The Present Litigation
Civil Action No. 89-2717. Count One asserts that the 20 percent held by OHA in escrow for end-user claimants may be insufficient to satisfy the claimant's claims. To avoid this possibility, plaintiffs ask the Court to bar any future payments from the remaining 80 percent of the escrow until a determination is made by the Court "to what extent, if any, such funds are necessary to provide plaintiffs and the members of the plaintiffs class with the restitution to which they are entitled." Complaint para. 45.
Count Two addresses the distribution of monies from the 20 percent escrow fund to the states pursuant to legislation enacted in 1982 and to the U.S. Treasury in connection with settlement of DOE enforcement claims.
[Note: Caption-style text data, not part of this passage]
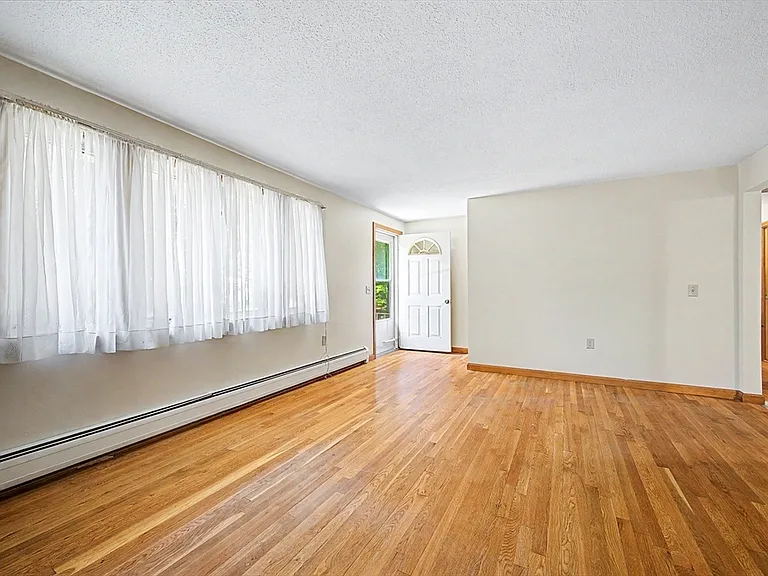 270 Wood St — Photo 10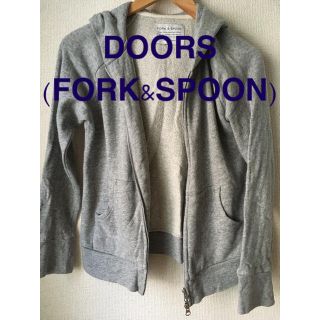 アーバンリサーチドアーズ(URBAN RESEARCH DOORS)のDOORS(FORK&SPOON) グレーパーカー(パーカー)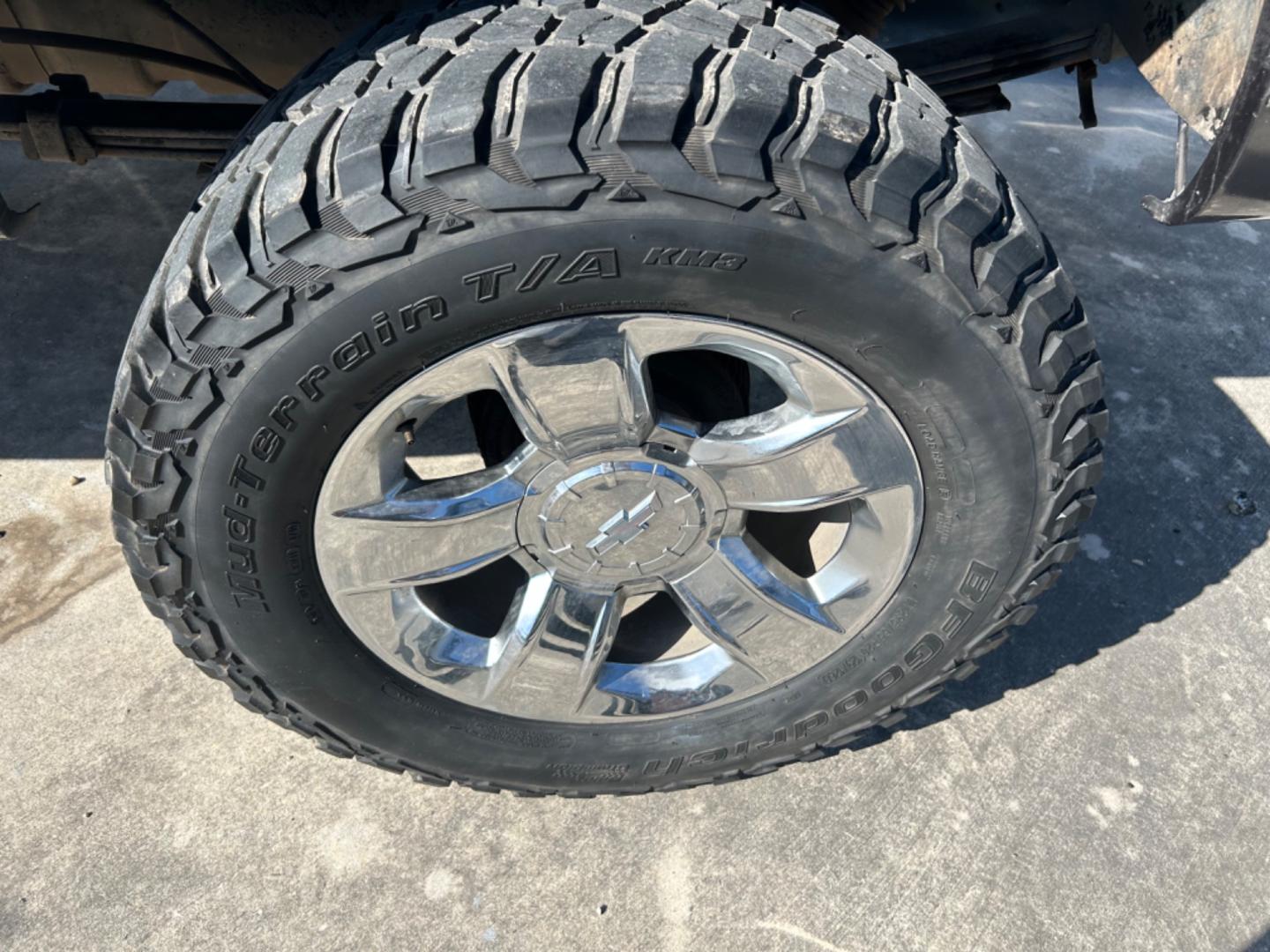 1995 Blue Chevrolet C/K 1500 Reg. Cab 6.5-ft. Bed 4WD (1GCEK14K9SZ) with an 5.7L V8 OHV 16V engine, located at 1687 Business 35 S, New Braunfels, TX, 78130, (830) 625-7159, 29.655487, -98.051491 - Photo#9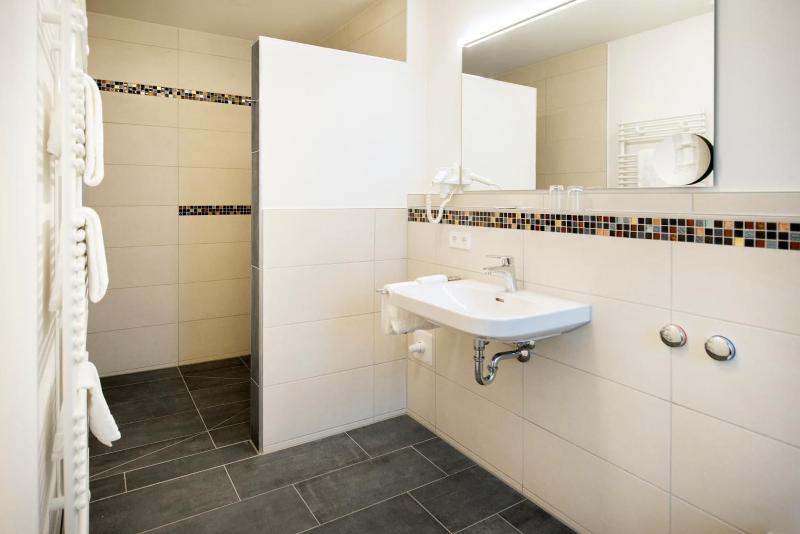 Gasthof Linde - Hotel Blum - Oda
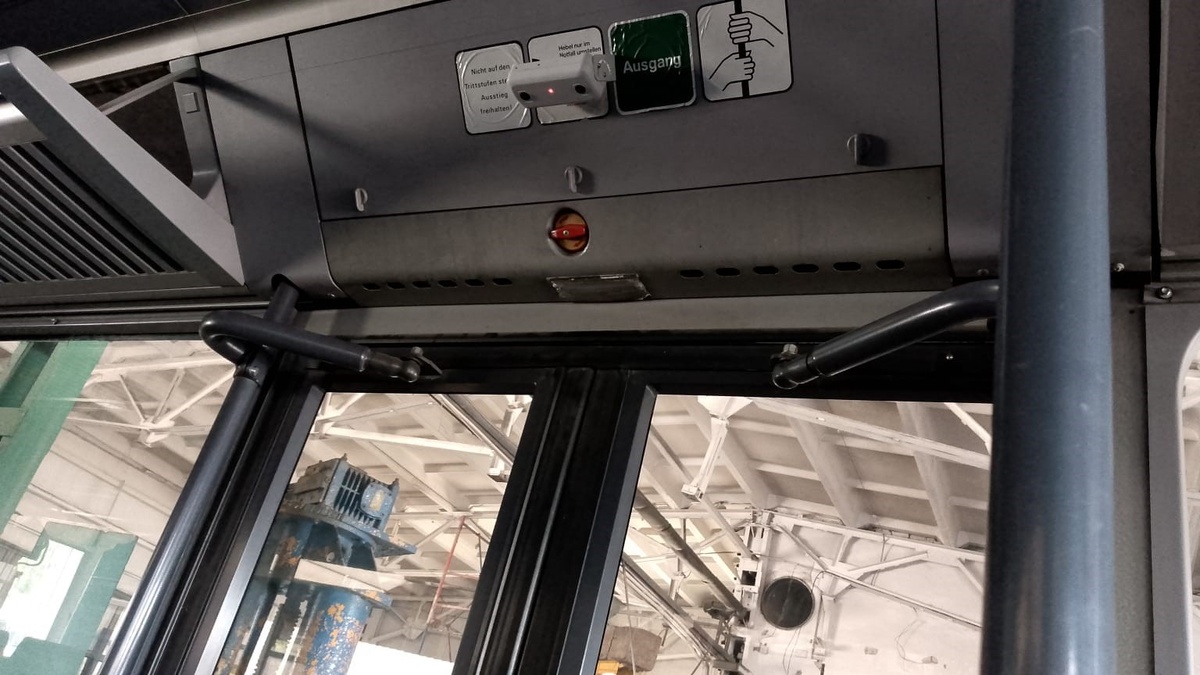 счетчик пассажиропотока NSCAR в автобусе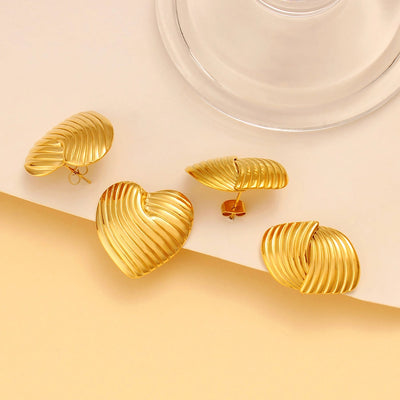 1 Pair Simple Style Classic Style Heart Shape Plating 304 Stainless Steel 316 Stainless Steel  18K Gold Plated Ear Studs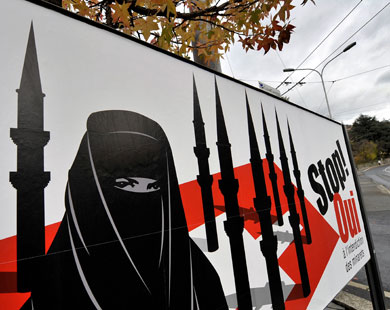 احد الملصقات التي نشرها اليمينيون في سويسرا لتعبئة الشارع ضد المسلمين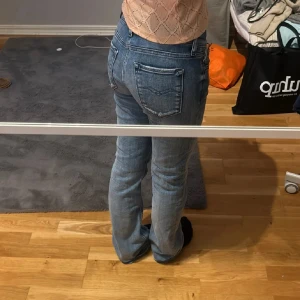 Blå bootcut jeans från Replay - Snygga blå bootcut jeans från Replay, modell New Luz. Ny pris 1300 aldrig använt dom så snygga❤️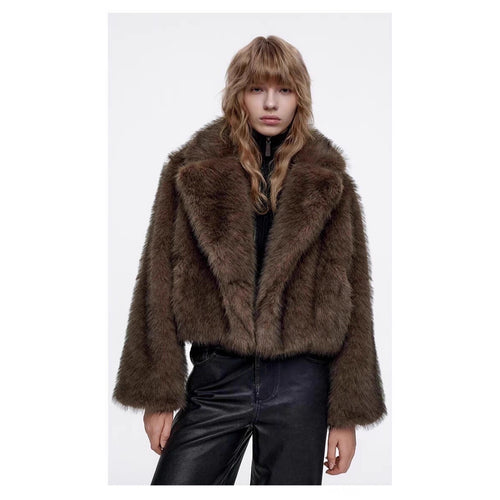 Oversized faux fur jacket for women with voluminous collar Lune London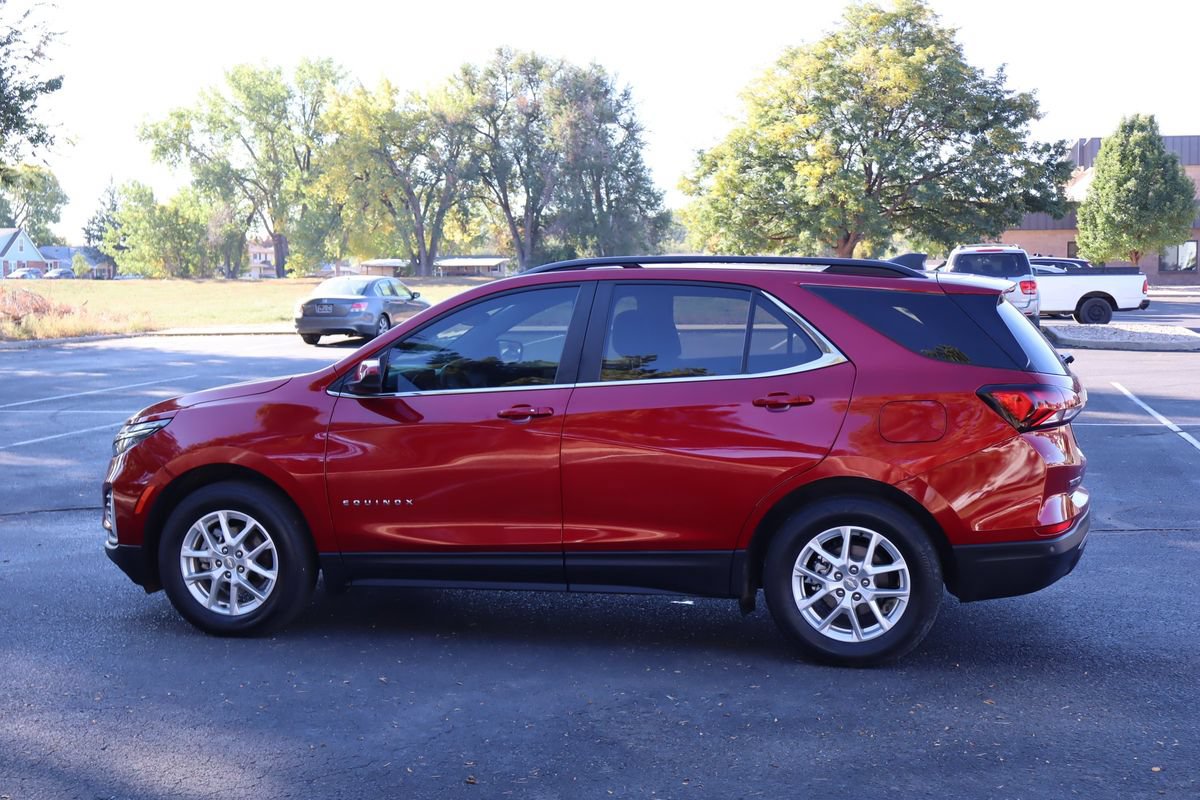 Used 2023 Chevrolet Equinox LT AWD/4WD image 8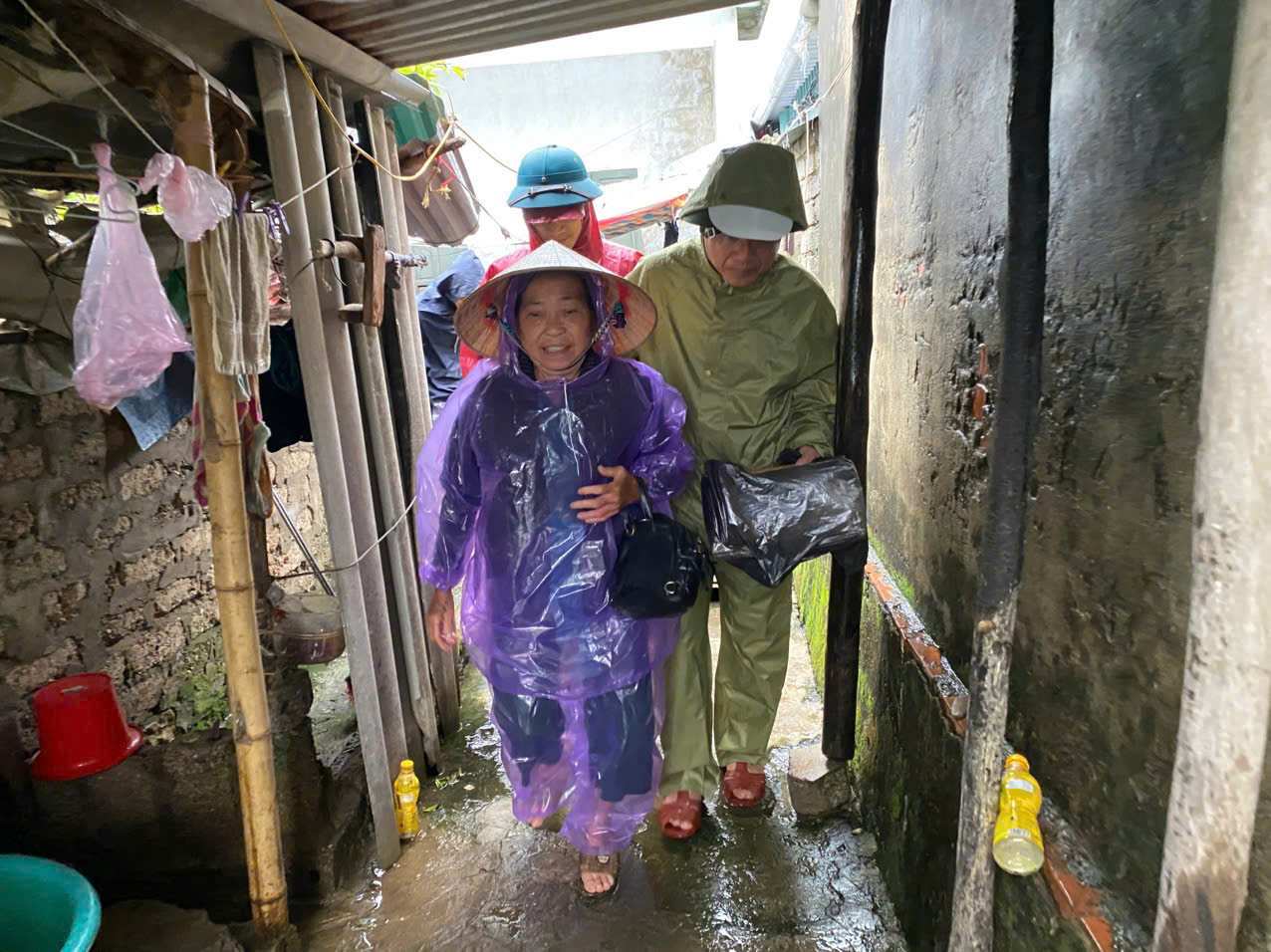 Luc luong chuc nang ho tro nguoi dan di doi den diem an toan. Anh: Pham Chung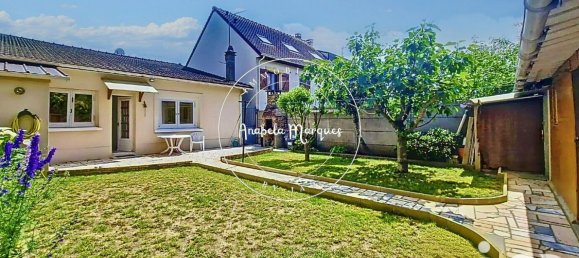 2 bedrooms House in Chennevieres-sur-Marne, France No. 318246 11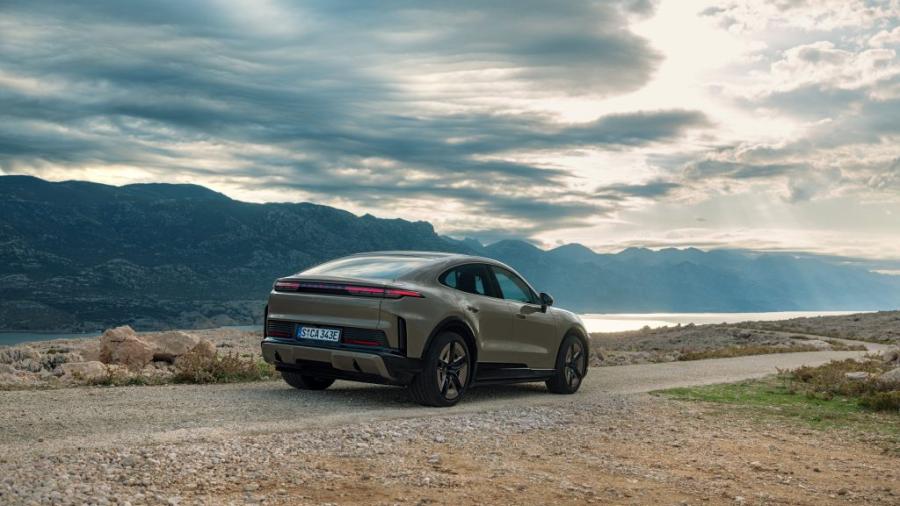 保时捷Cayenne Coupe电动版：2.4秒破百、越野猛兽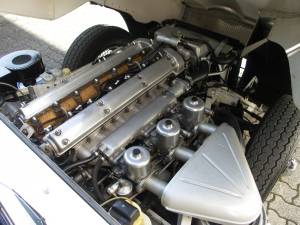 Image 18/37 of Jaguar E-Type 4.2 (1966)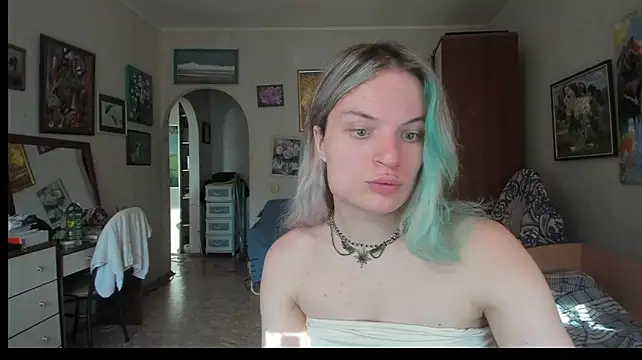 Webkamerová show milliKira006
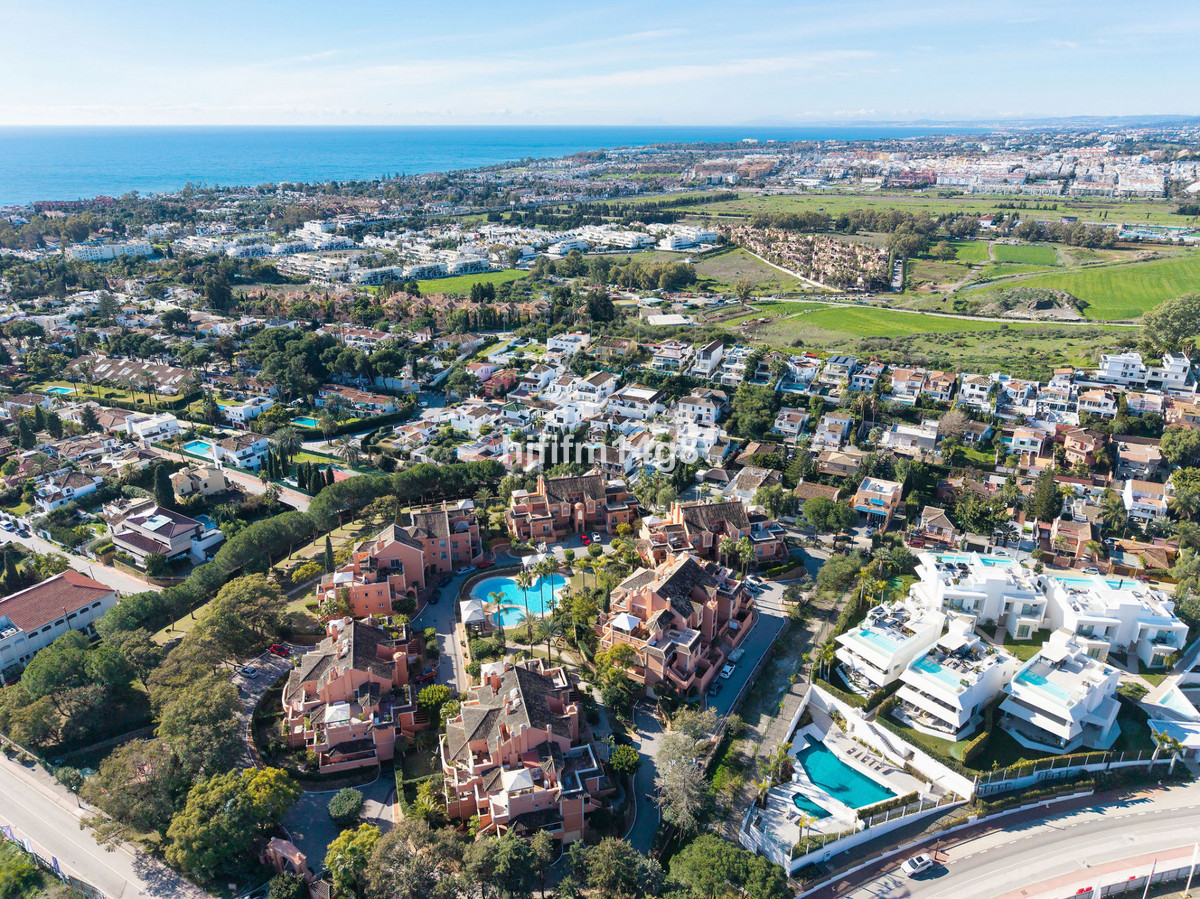 6a033ee59cca1cda638bf17c0633bfb1 - 28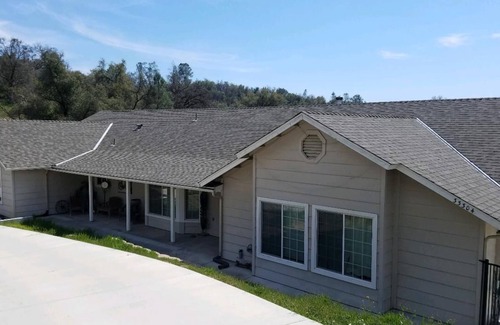 Yosemite Lakes Apartment | Riverview Suite w/Jacuzzi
Plaintiffs assert that a portion of that money should have been reserved to satisfy their claims. Plaintiffs seek to remedy this by having that sum withheld from future distributions to the federal government and the states.
Civil Action No. 88-0911. This complaint carries on the theme advanced in No. 87-2717, asserting that because of the DOE's refund procedures there may not be sufficient money in the escrow to pay their claims in full. Count One asserts that the 20 percent reserve will be insufficient to satisfy end-user claims. Counts Two and Three assert claims upon portions of the distributions made pursuant to the DOE settlements and to the Warner Amendment.
The principal difference between the two complaints is that No. 87-2717 is grounded on DOE's implicit rejection of plaintiffs' arguments in establishing refund procedures while No. 88-0911 is based on the explicit rejection of the same arguments in Ernest E. Allerkamp et al., 17 DOE para. 85,079 (1988) and Shell Oil Company, 17 DOE para. 85,204 (1988). The two decisions implemented the OHA's previously announced overcharge refund policy.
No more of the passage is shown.